PROMPT:
In the material below, find the span from the line with "An image showcasing" to the line with "- Bouquet Azul" and transcribe only those lines, exactly, ends included, without the pictures.

DATA EXCERPTS:
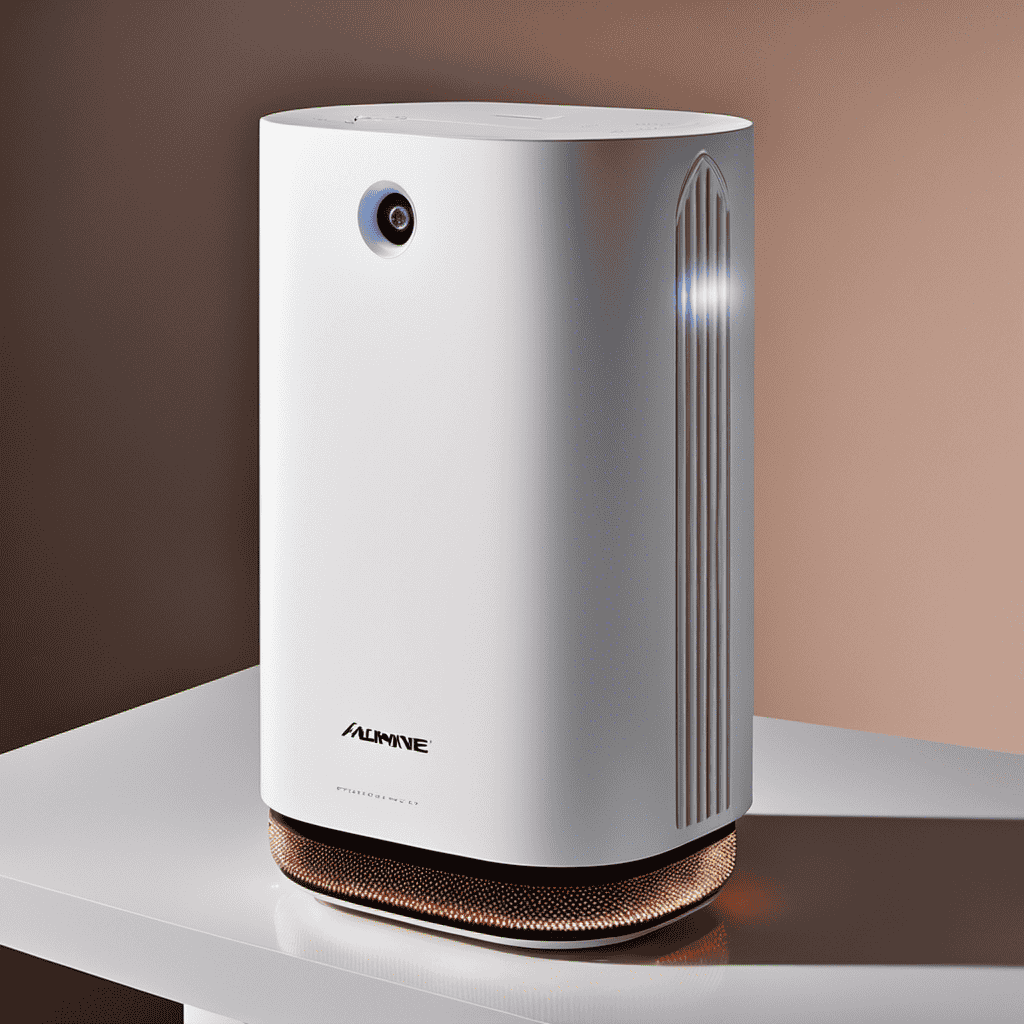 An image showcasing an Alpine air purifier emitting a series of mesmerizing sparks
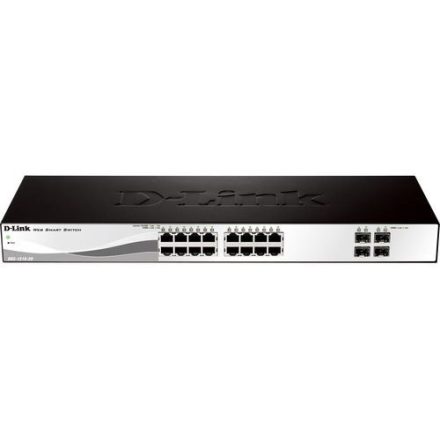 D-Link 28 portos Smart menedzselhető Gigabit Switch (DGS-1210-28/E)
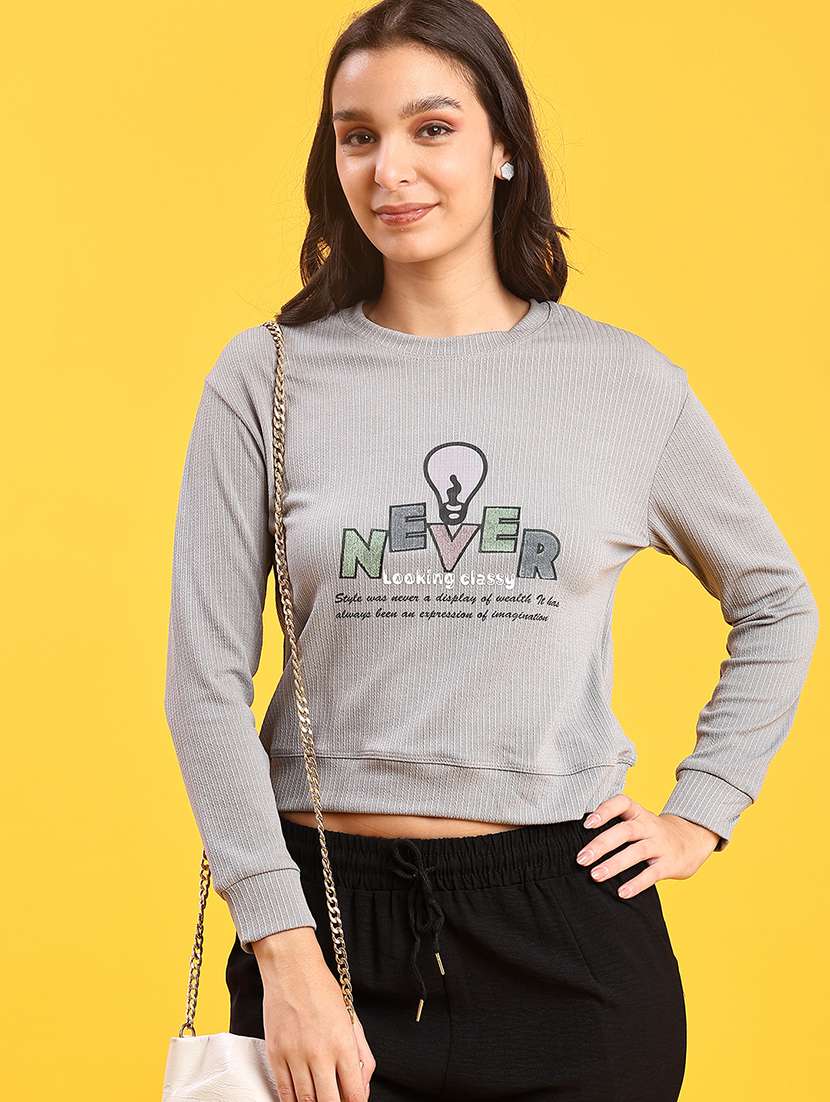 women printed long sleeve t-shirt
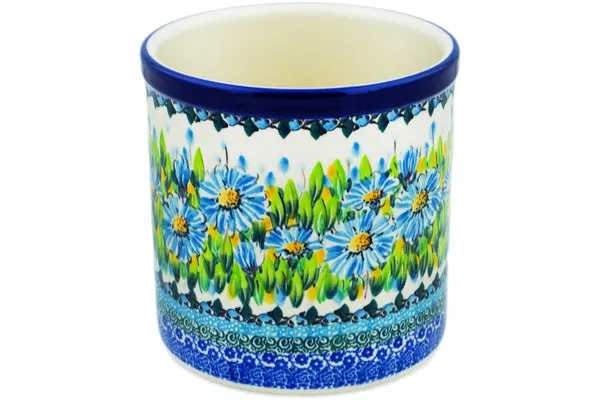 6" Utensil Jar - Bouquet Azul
==
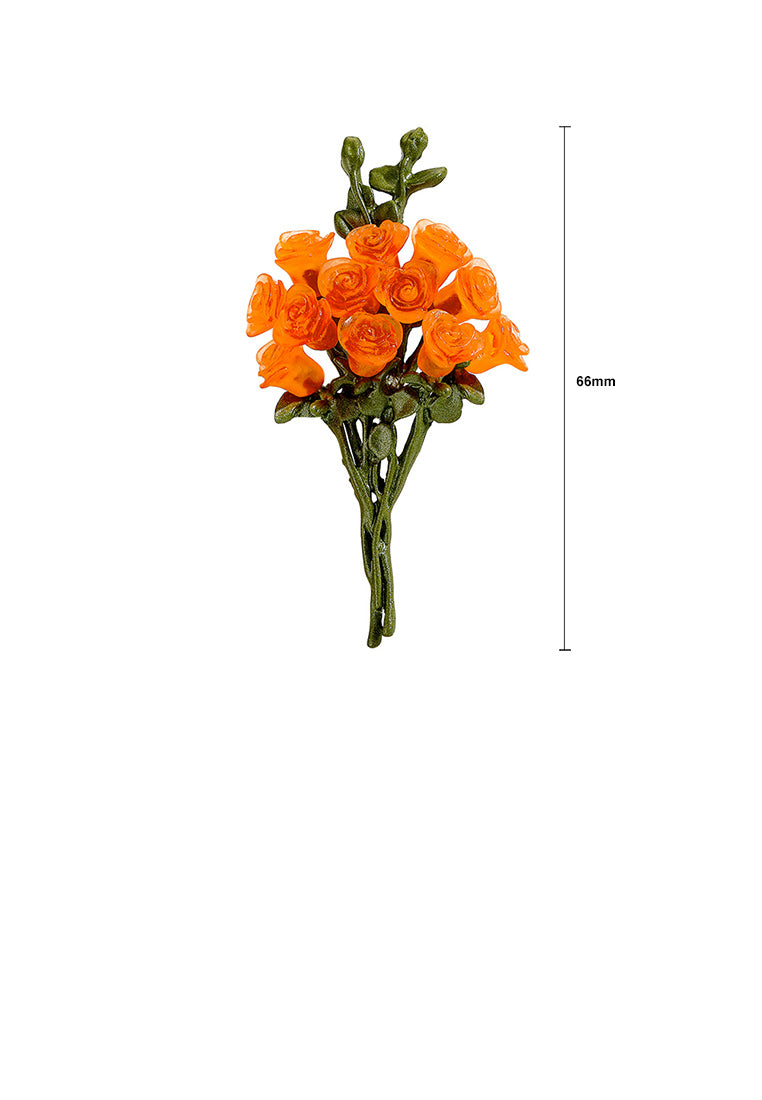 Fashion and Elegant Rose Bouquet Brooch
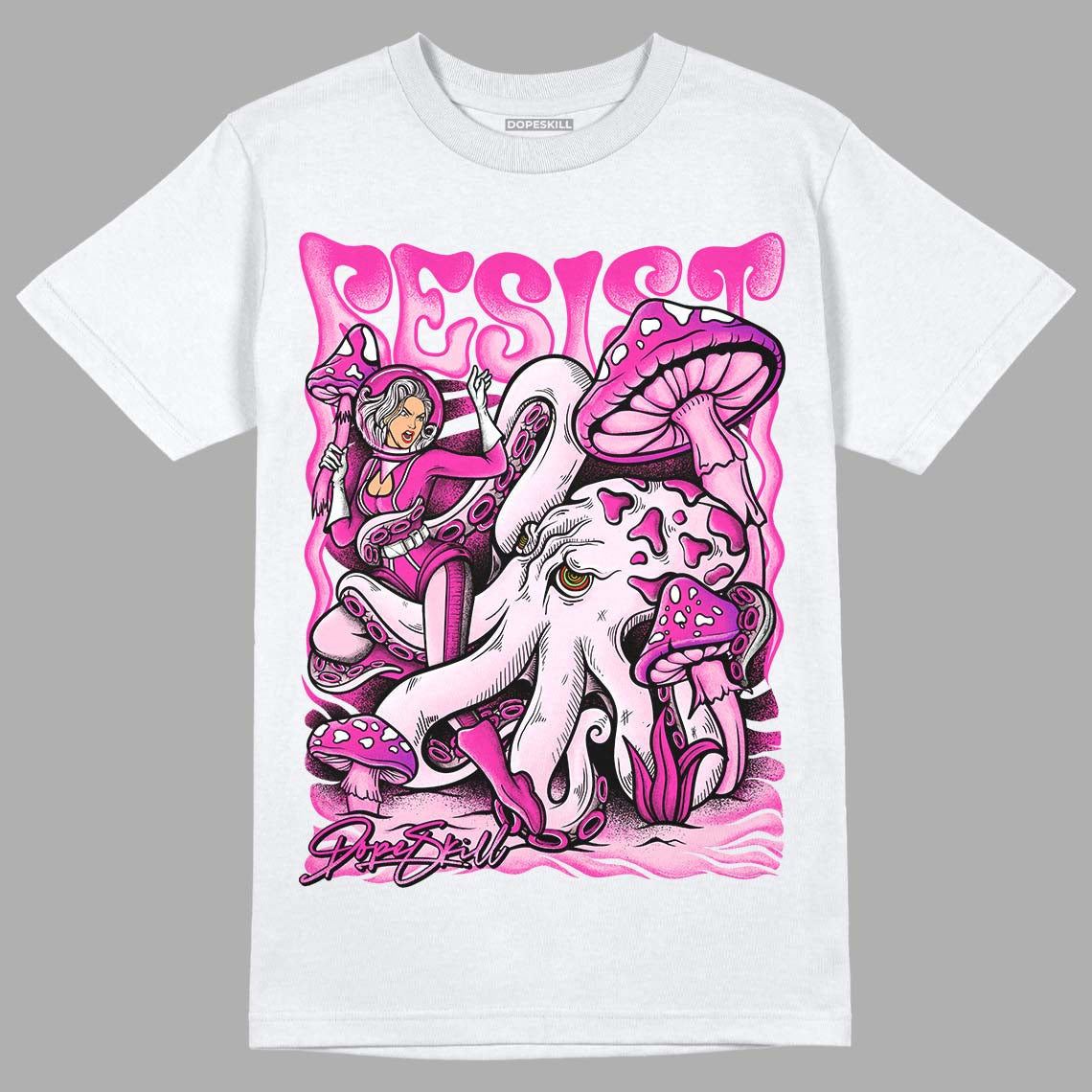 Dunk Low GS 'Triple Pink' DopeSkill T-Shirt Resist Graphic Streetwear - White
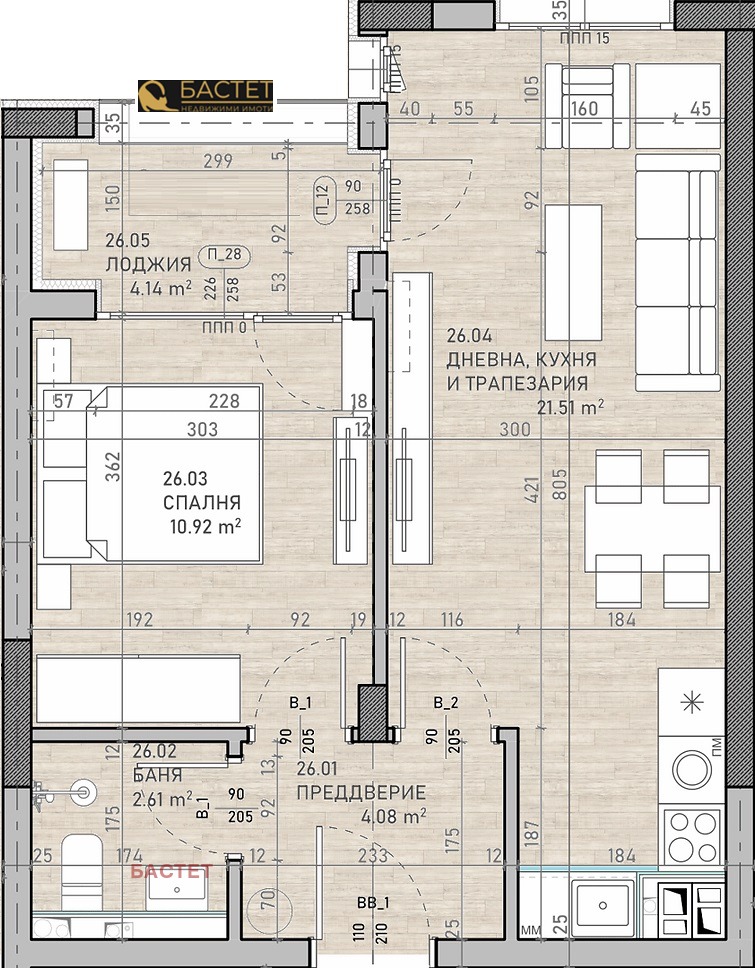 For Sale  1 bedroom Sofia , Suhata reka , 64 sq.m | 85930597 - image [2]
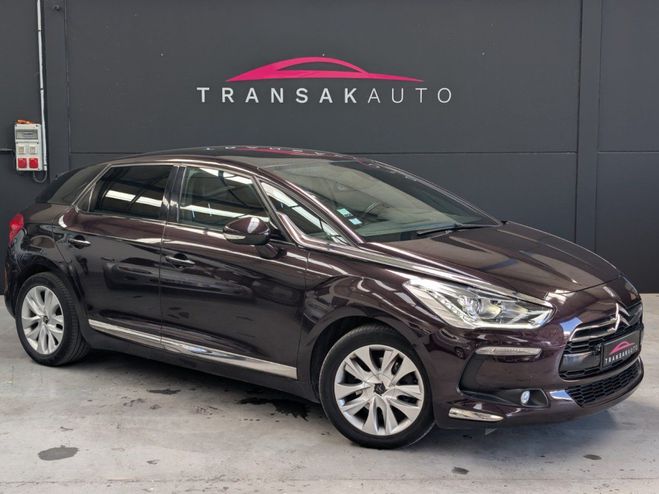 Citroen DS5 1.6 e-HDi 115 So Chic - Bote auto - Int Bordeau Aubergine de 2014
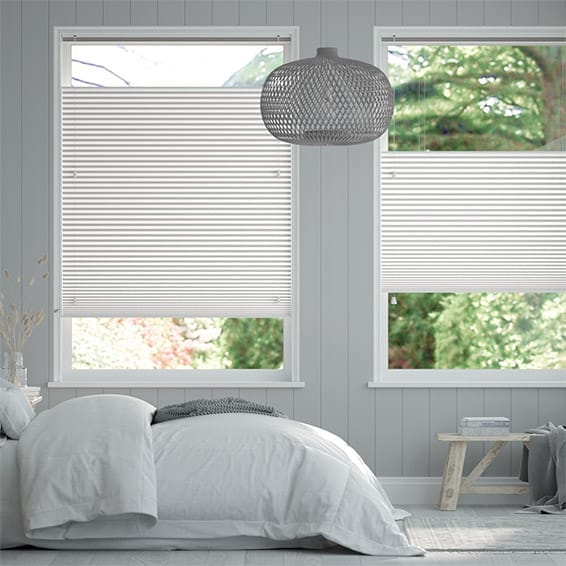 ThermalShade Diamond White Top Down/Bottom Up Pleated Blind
* * *
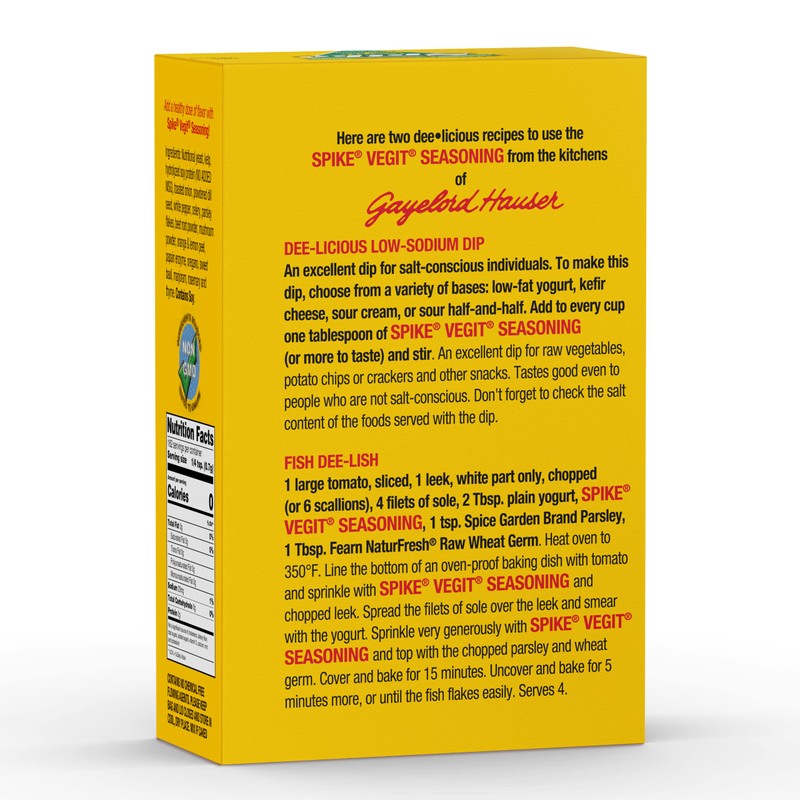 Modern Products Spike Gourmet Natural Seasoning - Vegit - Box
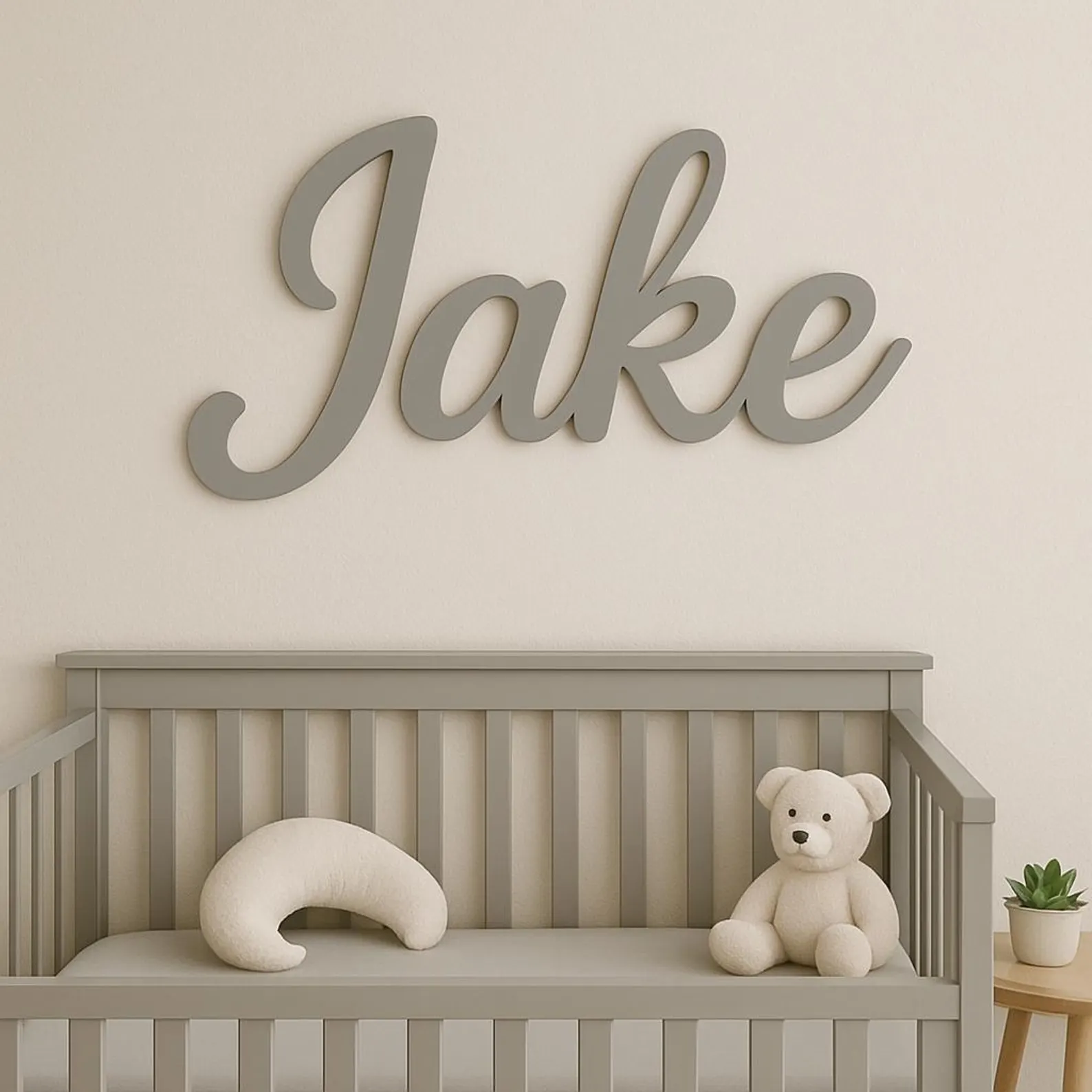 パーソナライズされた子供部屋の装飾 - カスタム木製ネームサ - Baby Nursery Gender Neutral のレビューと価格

RESULT OF THIS TASK:
 An image showcasing an Alpine air purifier emitting a series of mesmerizing sparks
 D-Link 28 portos Smart menedzselhető Gigabit Switch (DGS-1210-28/E)
 women printed long sleeve t-shirt
 6" Utensil Jar - Bouquet Azul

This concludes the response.